Surely the property taxes Rustydad refers to are far outweighed by the cost of decommissioning and clean-up (which Melinda Burns says in the article we taxpayers largely shoulder the burden of)? Not to mention the fate of our wildlife, the fish that we rely on for food, and the health costs to humans... I swam at Summerland last summer with my granddaughters and we came out of the water oil-slicked. What health effects will this have on all of us down the line? Thank you, Melinda, for this excellent article. Let's get rid of the wells and not let the Feds push us into drilling more!

a-1569239157 Jan 30, 2019 01:56 PM
Offshore Oil: The Long Goodbye

And lost revenue from tourism when a catastrophe, of whatever size, occurs. "The oil companies themselves will bear most of the cost, billions of dollars overall. At the same time, the state Legislature has been forced to budget tens of millions because former owners have disappeared into history or declared bankruptcy." ====================================================== "Last year, at a cost of $1.2 million, State Lands plugged a legacy well that was spewing globs of black oil onto the sand. " at Summerland. Worst of taxpayer monies going to this is under "Passing the Buck." ====================================================== "Venoco declared bankruptcy and quitclaimed its offshore leases to the state, leaving behind a meager $22 million bond for decommissioning. Onshore, Exxon contends it is not liable for removing Venoco’s former oil and gas processing plant at Haskell’s Beach. Negotiations are ongoing; the state’s position is that the company has the responsibility to assume nearly all the costs related to the decommissioning work. But taxpayers are already shouldering some of the expense. Under an agreement with the bankruptcy court, the state report says, State Lands is operating the onshore plant and Platform Holly at a cost of $1.2 million per month so that Exxon can safely plug the platform wells. Without somewhere to ship the oil and gas, the pressure in those wells would build up dangerously. State Lands estimates it will cost up to $83 million to keep the plant and Platform Holly running for three years. That’s equivalent to half the $160 million in revenues from royalties and rents that Venoco generated for the state there."

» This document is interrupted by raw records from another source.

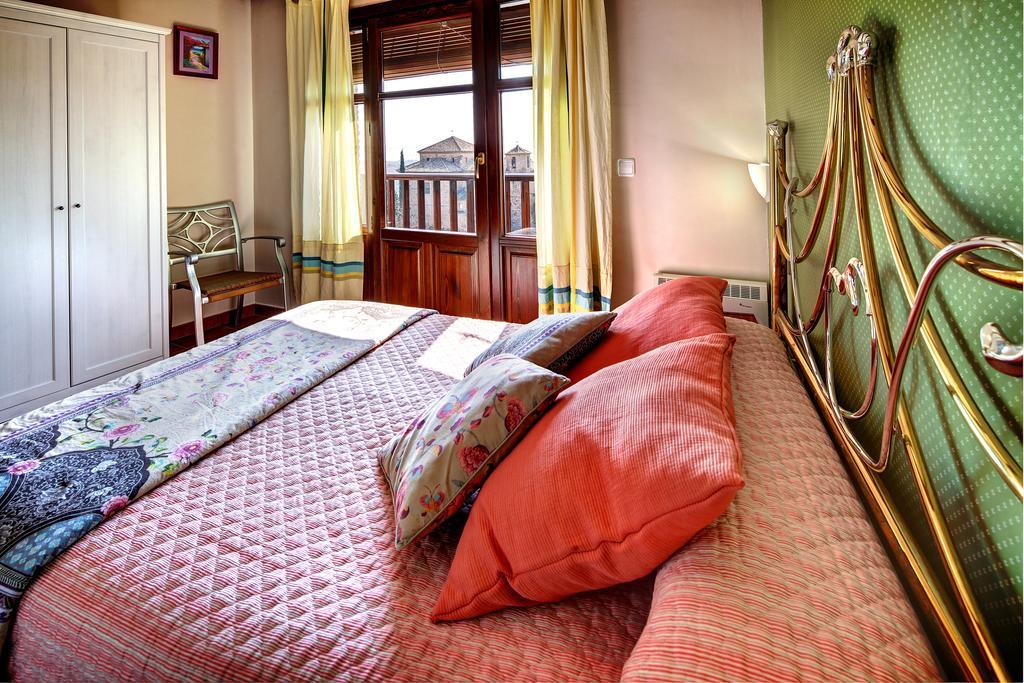 Apartamentos Bellavista Alquézar Quarto foto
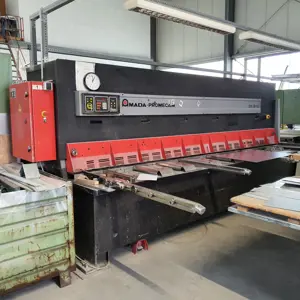 Hydraulic guillotine shears Amada GX 840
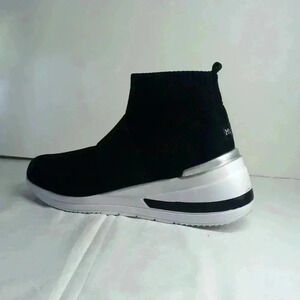 Mudd sock sneaker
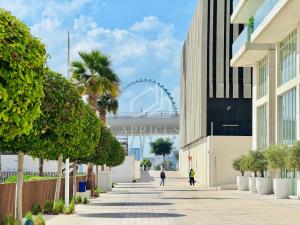 Pleasant 1BD apartment with the beach access
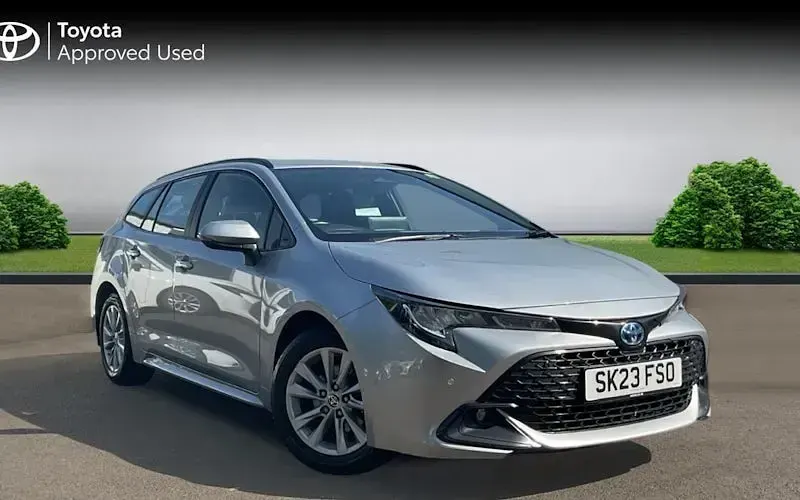 Begagnad Toyota Corolla 140 HK (102 kW) 2026 Kombi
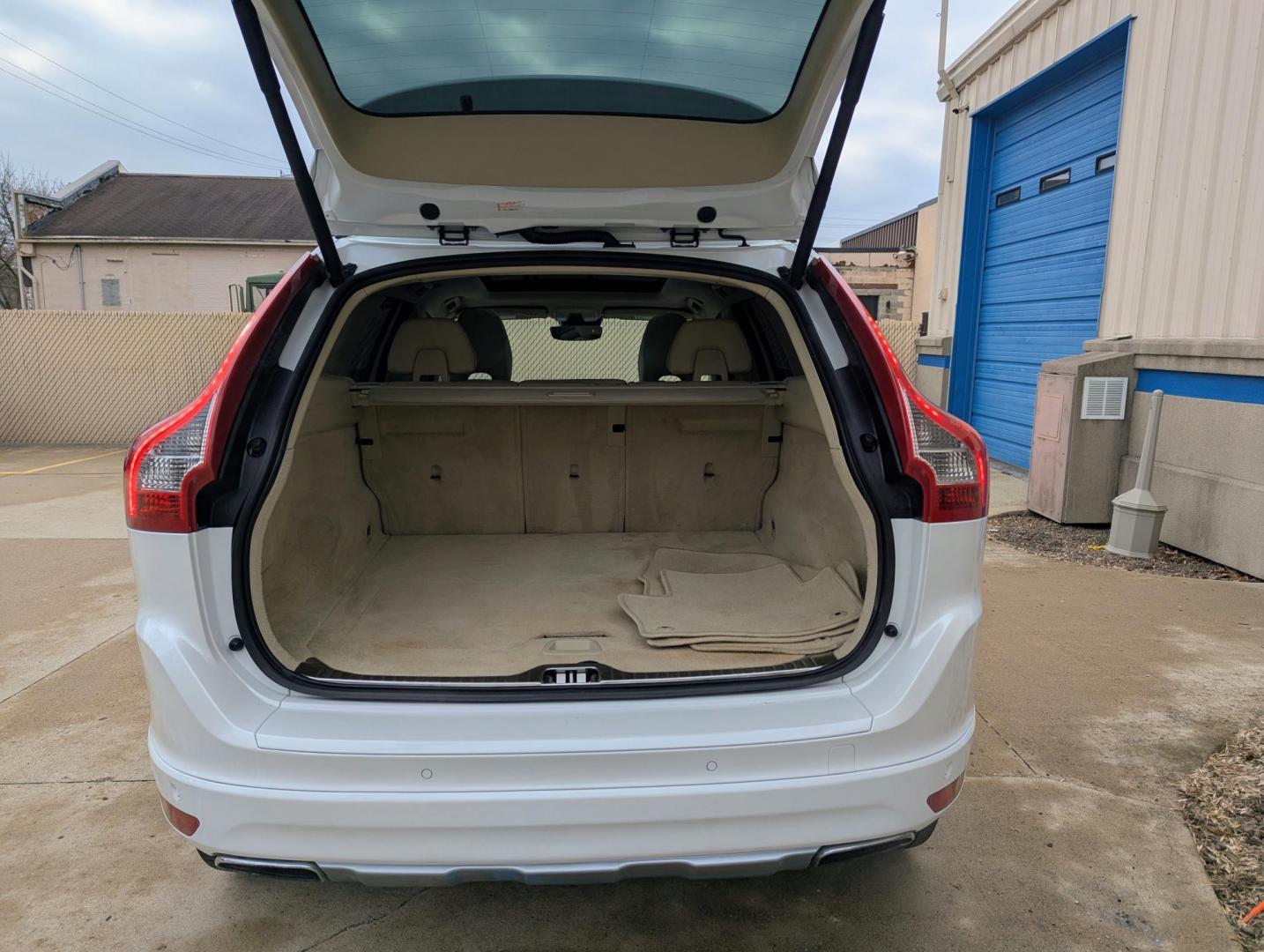2015 White /Beige Leather Volvo XC60 T6 Premier AWD (YV4902RK4F2) with an 3.0L L6 DOHC 24V TURBO engine, 6-Speed Automatic transmission, located at 603 Amelia Street, Plymouth, MI, 48170, (734) 459-5520, 42.378841, -83.464546 - Vehicles shown by appointment - Please call ahead - 734-459-5520, text 734-658-4573 or contact us via our web site at: http://www.selectmotors.com for complete Inventory, Photos, Videos and FREE Carfax Reports. 2015 Volvo XC60 T6 AWD, Crystal White Pearl with Light Beige leather interior, 101K mi - Photo#9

Mesarats Jan 30, 2019 08:14 AM
Offshore Oil: The Long Goodbye

Witnessing the spill and loss of sea life as a young kid was a horrible experience and my first lesson and understanding of death and suffering. It seemed to go on forever. We grew up by the beach, it was our play ground and then there were only a few visible rigs, but there was much more tar on the beach and in the water than we get today. Interesting that the tents placed over the natural seeps and relief of pressure by drilling likely reduced the overall hydrocarbon emissions and wonder if decommissioning will have any impact on the natural seepage. http://www.geol.ucsb.edu/faculty/boles/library/pdf/Boles_Seeps_Write_Up_Final_April_20-1+figures.pdf

rustydad Jan 30, 2019 07:32 AM
Offshore Oil: The Long Goodbye

One important issue not mentioned is the loss of property taxes. Several local school districts have been relying on taxes from oil infrastructure that will now be gone. A great deal of pain will be inevitable.